L'ex-enfant terrible du onze français et légende du football mondial, Nicolas Anelka, est arrivé hier à Erevan où il séjourne jusqu'au 20 janvier. Invité par la Chambre de Commerce et d'Industrie française en Arménie, il effectue un voyage d'étude, plus que sportif, même si, évidemment, le ballon rond demeure au fond de ses buts.
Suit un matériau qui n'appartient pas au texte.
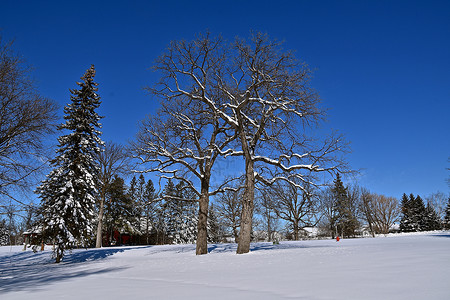 冬春交替大湿雪后的冬春场景背景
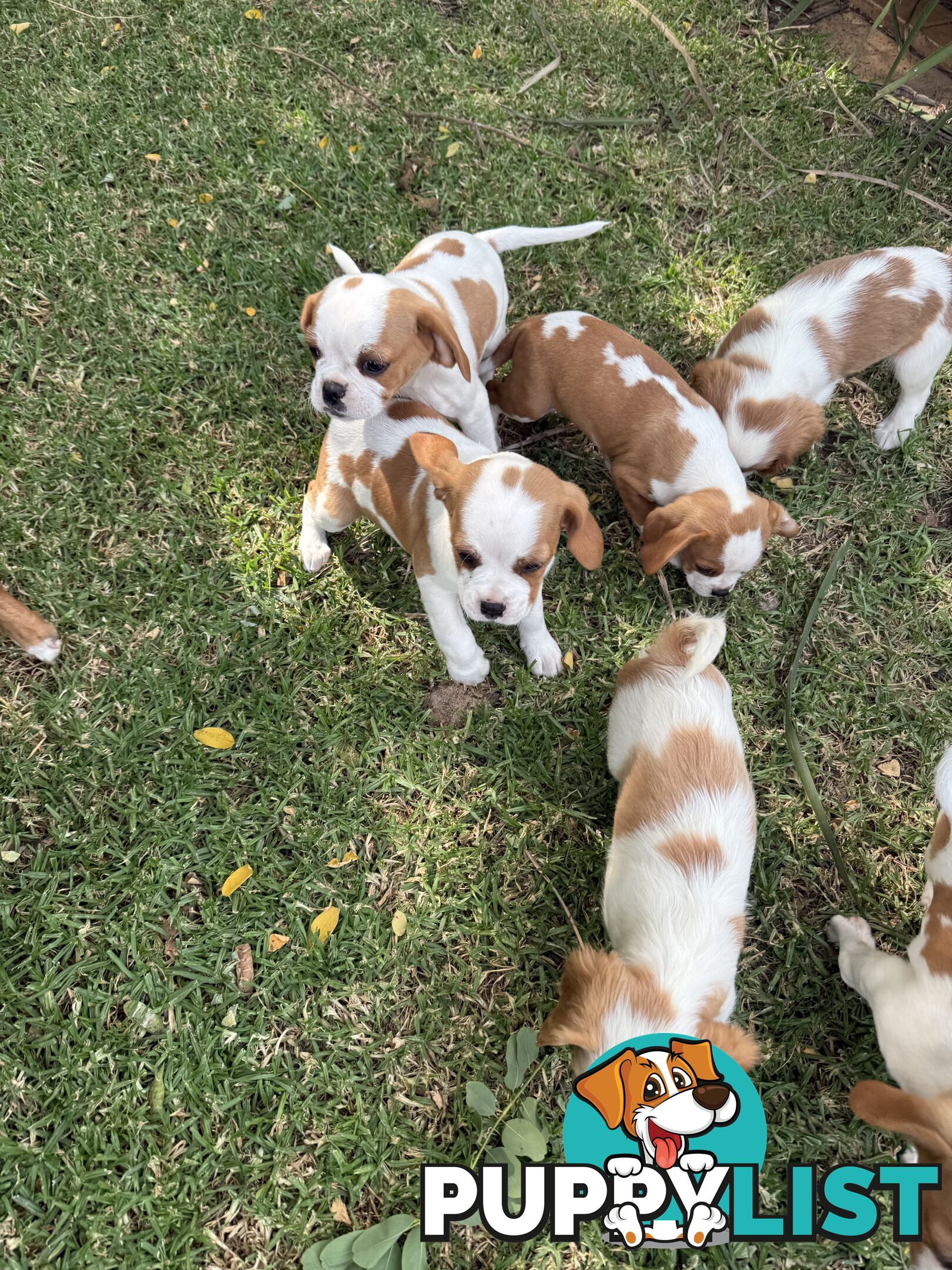 Gorgeous Pugalier puppies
Texte et photos Olivier Merlet
Retraité des terrains depuis 2015, l'ancien attaquant de Chelsea (du PSG et du Real de Madrid) consacre depuis trois ans son talent et son expertise à la formation de jeunes joueurs. En juillet 2020, il lance à Tourcoing, dans le nord de la France, sa première académie de football, la NA 39, du nom de ses initiales et de son numéro fétiche, celui du maillot qu'il portait à Chelsea. En septembre de l'année passée, c'est tout au Sud de l'hexagone, à La Garde, près de Toulon dans le Var, qu'il récidive et ouvre, avec son ami boxeur Faïsal Arrami, un deuxième centre de formation.
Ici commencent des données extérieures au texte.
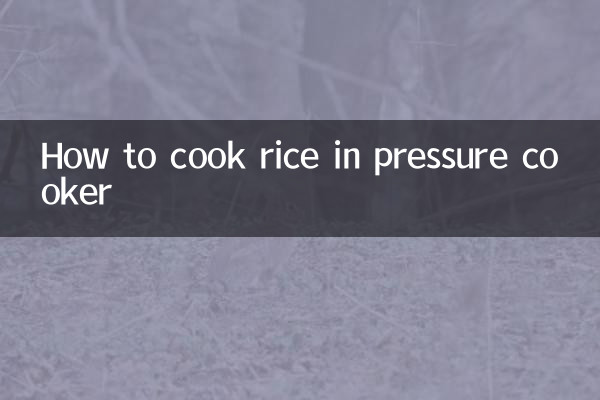 Wie man Reis im Schnellkochtopf kocht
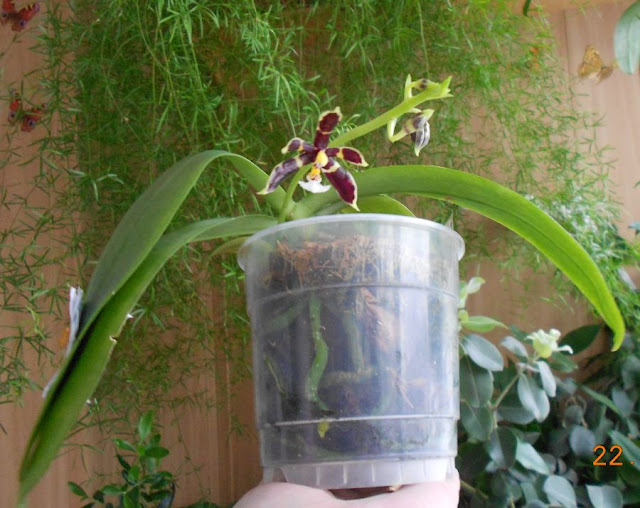 Phalaenopsis mannii DSCN1605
« Avoir des footballeurs avec un mental de combattant ». C'est avec cet esprit et l'espoir d'y associer les jeunes passionnés et futurs espoirs d'Arménie que Nicolas Anelka a planifié son voyage, avec à la clef, peut-être, la création en Arménie d'une structure école - une académie de football - répondant à tous les critères et exigences de préparation sportive requis par les plus grands clubs internationaux.
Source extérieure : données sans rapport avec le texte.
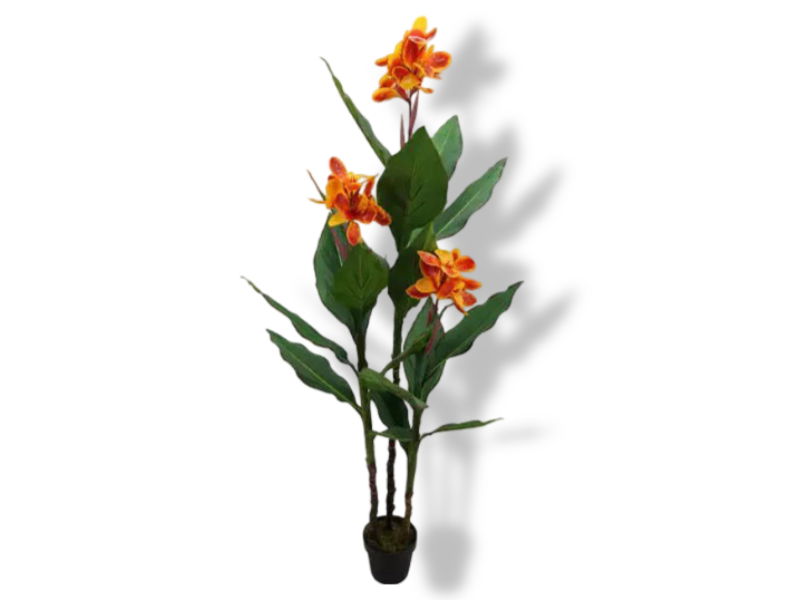 https://cdn.warentuin.nl/media/catalog/product/S/C/SCAN2500000241994_01_buitengewoon_de_boet_canna_lily_3_bloem_160__c736.jpg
Hier mercredi, la star était en visite au "stade Républicain Vazgen Sargsyan". Les juniors du club de football, l'attendaient de pied ferme… tous chaussés de crampons. Arborant fièrement leur tenue d'entrainement, rouges et noirs de pied en cap, une nuée de jeunes supporters entourait son idole. Short, chaussure, maillot, ballon ou simple bouts de papier, tout était bon pour recueillir l'autographe du champion, avec selfie de rigueur. Ils ont ensuite rejoint le centre du terrain pour rivaliser de dribbles et de passes sous les yeux connaisseurs du modèle qu'ils aspirent tous à devenir un jour, peut-être.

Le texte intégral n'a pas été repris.